Note that currently cabal repl is not supported,

because the C code is not compiled and linked appropriately.

However, cabal repl will fail at the end, when trying

to load the compiled C code, which means that we can still use it

to type check our package when developing.

If we were to compile the above manually we could do

$ ghc -c Main.hs
$ cc -c Main.c -o Main_c.o
$ ghc Foo.hs
$ ghc Bar.hs
$ cc -c Bar.c -o Bar_c.o
$ ghc Main.o Foo.o Bar.o Main_c.o Bar_c.o -lm -o Main

Extending `inline-c`

As mentioned previously, inline-c can be extended

by defining custom anti-quoters. Moreover, we can also tell

inline-c about more C types beyond the primitive ones.

Both operations are done via the Context data type. Specifically, the Context contains a TypesTable, mapping C type specifiers to Haskell types; and a Map of AntiQuoters. A baseCtx is provided specifying mappings from all the base C types to Haskell types (int to CInt, double to CDouble, and so on). Contexts can be composed using their Monoid instance.

For example, the vecCtx contains two anti-quoters, vec-len and vec-ptr. When using inline-c with external libraries we often define a

context dedicated to said library, defining a

TypesTable converting common types find in the library to their Haskell counterparts. For example inline-c-nag

defines a context containing information regarding the types

commonly using in the NAG scientific library.

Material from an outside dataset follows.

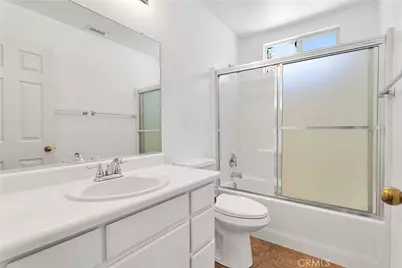 40684 Corte Albara, Murrieta, CA 92562 - Photo 14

See the Language.C.Inline.Context module documentation for more.

C++ support

Our original use case for inline-c was always C

oriented. However, thanks to extensible contexts, it should be

possible to build C++ support on top of inline-c, as we dabbled with in inline-c-cpp.

In this way, one can mix C++ code into Haskell source files, while

reusing the infrastructure that inline-c provides for invoking foreign functions. Since inline-c generates C

wrapper functions for all inline expressions, one gets a function

with bona fide C linkage to wrap a C++ call, for free.

Dealing with C++ templates, passing C++ objects in and out and

conveniently manipulating them from Haskell are the next

challenges. If C++ support is what you need, feel free to

contribute to this ongoing effort!

Wrapping up

We meant inline-c as a simple, modular alternative

to monolithic binding libraries, borrowing the core concept of

FFI-less programming of foreign code from the H project and language-c-inline.

But this is just the first cut! We are releasing the library to the

community early in hopes that it will accelerate the Haskell

community's embrace of quality foreign libraries where they exist,

as an alternative to expending considerable resources reinventing

such libraries for little benefit. Numerical programming, machine

learning, computer vision, GUI programming and data analysis come

to mind as obvious areas where we want to leverage existing quality

code. In fact, FP Complete is using inline-c today to

enable quick access to all of NAG, a roughly 1.6K function strong

library, for a large compute-intensive codebase. We hope to see

many more use cases in the future.